My understanding is RayXGBoostActor should be equal to num_actors. See code here.

And every RayXGBoostActor should only be responsible for loading its own shard. Could you paste the ray dashboard output (with RayXGBoostActor.load_data)? The current screenshot doesn’t have that part. It also seems that RayXGBoostActor.train is only showing up once? Although it’s distributed across multiple actors as well. So maybe this is related to how the dashboard visuals are interpreted?

Now to dataset spilling. It’s probably going to be an issue if bulk ingestion is used (as in this case). The AIR team is trying to enable streaming ingestion with training.

cc @amogkam

+1. I believe the legend RayXGBoostActor.train in the graph refers to the aggregated usage of cpus across all the actors called RayXGBoostActor.train.

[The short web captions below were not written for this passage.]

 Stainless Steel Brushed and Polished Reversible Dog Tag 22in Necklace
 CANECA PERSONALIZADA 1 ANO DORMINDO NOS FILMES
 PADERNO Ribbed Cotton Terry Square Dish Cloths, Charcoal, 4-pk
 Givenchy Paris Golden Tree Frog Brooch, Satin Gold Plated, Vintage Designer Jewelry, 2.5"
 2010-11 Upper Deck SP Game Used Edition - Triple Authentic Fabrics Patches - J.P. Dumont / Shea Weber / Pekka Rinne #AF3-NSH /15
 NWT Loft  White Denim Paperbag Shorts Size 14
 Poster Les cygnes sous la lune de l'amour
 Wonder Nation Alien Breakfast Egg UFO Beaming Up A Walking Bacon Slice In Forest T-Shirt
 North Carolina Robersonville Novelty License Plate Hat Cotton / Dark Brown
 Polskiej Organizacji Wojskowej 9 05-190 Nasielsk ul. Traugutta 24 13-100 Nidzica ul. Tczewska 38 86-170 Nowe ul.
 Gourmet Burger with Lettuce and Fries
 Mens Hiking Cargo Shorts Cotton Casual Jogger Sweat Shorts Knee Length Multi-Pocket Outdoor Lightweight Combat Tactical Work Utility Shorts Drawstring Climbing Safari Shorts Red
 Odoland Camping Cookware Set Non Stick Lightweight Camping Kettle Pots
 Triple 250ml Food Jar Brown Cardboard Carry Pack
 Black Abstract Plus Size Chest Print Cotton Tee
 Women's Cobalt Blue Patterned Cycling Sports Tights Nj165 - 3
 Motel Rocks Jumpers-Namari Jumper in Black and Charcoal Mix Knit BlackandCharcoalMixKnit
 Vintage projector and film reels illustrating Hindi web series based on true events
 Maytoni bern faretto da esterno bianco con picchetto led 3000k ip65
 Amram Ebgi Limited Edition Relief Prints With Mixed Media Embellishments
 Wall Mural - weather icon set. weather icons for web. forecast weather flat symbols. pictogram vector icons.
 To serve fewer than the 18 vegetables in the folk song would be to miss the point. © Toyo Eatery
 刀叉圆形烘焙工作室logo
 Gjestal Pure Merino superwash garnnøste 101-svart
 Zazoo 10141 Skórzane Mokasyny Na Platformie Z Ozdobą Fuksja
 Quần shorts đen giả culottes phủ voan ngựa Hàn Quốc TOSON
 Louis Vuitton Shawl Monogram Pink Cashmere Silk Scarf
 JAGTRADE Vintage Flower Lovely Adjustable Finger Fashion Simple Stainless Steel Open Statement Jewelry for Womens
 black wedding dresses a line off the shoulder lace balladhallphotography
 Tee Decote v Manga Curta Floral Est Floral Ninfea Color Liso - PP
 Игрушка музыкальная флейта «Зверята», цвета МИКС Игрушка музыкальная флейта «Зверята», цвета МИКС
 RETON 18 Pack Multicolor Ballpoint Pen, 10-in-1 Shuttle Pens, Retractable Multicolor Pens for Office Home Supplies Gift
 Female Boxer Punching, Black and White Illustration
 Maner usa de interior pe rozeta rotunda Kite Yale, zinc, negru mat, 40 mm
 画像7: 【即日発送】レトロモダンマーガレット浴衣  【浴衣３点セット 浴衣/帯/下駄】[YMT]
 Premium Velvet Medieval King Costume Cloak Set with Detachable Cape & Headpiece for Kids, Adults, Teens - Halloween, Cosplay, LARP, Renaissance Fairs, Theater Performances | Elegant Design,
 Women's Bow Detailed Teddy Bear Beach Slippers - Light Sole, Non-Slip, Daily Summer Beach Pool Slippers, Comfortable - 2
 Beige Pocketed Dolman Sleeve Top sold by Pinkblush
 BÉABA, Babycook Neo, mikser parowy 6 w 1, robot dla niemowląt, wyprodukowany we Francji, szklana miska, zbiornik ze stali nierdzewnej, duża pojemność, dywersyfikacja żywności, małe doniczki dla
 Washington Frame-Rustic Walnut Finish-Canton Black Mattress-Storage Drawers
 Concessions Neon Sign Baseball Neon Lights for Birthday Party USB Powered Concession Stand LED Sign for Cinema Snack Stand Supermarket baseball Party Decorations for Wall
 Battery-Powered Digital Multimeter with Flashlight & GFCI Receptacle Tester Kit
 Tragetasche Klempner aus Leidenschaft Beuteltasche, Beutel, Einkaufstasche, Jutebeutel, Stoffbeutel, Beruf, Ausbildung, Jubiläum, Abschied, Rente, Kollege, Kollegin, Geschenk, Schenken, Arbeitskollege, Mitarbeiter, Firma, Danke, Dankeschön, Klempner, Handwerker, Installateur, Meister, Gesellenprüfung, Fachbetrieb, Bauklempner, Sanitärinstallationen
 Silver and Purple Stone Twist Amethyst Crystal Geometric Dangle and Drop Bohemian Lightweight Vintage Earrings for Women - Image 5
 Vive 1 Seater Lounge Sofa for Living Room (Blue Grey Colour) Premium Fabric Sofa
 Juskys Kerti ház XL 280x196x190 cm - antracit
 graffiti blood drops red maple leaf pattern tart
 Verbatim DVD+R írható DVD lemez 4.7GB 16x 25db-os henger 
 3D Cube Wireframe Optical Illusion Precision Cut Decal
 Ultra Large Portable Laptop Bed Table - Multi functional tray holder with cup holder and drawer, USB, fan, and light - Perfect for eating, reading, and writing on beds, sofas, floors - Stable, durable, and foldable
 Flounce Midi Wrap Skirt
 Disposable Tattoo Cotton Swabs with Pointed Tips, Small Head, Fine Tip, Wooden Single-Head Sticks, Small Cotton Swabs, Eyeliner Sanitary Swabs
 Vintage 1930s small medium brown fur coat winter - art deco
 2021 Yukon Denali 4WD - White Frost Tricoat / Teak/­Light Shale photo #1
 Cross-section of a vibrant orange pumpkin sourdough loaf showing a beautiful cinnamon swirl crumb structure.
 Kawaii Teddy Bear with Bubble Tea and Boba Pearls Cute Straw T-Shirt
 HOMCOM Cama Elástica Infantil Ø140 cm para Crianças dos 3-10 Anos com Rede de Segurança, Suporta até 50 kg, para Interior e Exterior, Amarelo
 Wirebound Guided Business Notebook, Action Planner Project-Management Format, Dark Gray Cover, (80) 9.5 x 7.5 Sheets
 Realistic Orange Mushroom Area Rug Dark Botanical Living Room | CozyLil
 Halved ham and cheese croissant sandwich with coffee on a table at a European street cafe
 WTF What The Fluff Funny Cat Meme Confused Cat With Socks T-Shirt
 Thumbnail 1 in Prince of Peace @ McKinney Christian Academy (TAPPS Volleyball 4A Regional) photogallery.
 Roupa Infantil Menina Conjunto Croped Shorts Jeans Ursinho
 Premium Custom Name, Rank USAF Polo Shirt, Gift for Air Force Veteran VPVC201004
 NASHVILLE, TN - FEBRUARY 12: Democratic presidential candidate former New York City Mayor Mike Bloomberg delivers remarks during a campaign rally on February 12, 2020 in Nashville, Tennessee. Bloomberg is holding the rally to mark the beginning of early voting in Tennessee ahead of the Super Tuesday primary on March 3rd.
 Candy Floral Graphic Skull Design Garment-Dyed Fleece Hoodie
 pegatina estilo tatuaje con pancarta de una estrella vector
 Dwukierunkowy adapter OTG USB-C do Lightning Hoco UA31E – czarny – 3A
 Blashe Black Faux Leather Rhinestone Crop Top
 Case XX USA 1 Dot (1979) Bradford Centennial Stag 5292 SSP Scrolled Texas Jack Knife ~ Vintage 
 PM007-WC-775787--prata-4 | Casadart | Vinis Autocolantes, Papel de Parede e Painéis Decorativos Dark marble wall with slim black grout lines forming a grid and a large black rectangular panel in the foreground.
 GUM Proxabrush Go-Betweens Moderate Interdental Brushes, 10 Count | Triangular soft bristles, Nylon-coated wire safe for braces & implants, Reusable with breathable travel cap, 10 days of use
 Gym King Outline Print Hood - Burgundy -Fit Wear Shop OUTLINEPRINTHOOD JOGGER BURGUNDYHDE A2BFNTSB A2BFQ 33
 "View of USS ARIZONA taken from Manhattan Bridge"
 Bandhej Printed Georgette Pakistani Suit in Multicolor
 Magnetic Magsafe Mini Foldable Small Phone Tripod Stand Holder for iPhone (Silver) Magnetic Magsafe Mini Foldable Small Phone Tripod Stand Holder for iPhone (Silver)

It doesn’t mean that there is only 1 actor. You should look at the actor table in the job detail page to confirm the number of RayXGBoostActor.load_data. cc: @sangcho

1 Like

Thanks, we have verified that the XGBoostActor are created as per the num_workers parameter and then these actors themselves first run the load_data function and then the train function. As described above currently the CPU usage is very low during the data loading phase even though both the spillage and plasma directory (both being on the local ssd supporting pci4) aren’t maxed out. This is leading to our current run time distribution being, 3/4 (25 mins in this case) for creating ray_objects from parquet files and 1/4 for training phase.
This doesn’t seem to be the max performance we can extract out of XGBoost. Are we missing some optimization during the loading phase ?

Yes, what you observed is entirely legit.

There are a few approaches I can think of and I probably need to ask our datasets team for more insights. So stay tuned. On a high level:

  • we can stick with bulk ingestion, which likely will incur disk spill to some extent. Now I need to check with the team on whether we read parquet files using parallelization of 10. Can we improve throughput by having more workers read from parquet? btw, are your parquet files on local disk or on remote storage? Another aspect is disk spilling - is how fast disk spill limiting the loading throughput?
  • we can explore streaming injection so that load_data and training can be overlapped together. It will also likely remove disk spill aspect of things. I need to check if XGBoostTrainer (or the xgboost-ray wrapped under it) supports this kind of batch iteration semantics during training.

These are my thoughts. I will get back to you with more details after getting some input from our datasets team.

Any updates on stream/batch training xgboost to avoid loading giant data sets / spilling?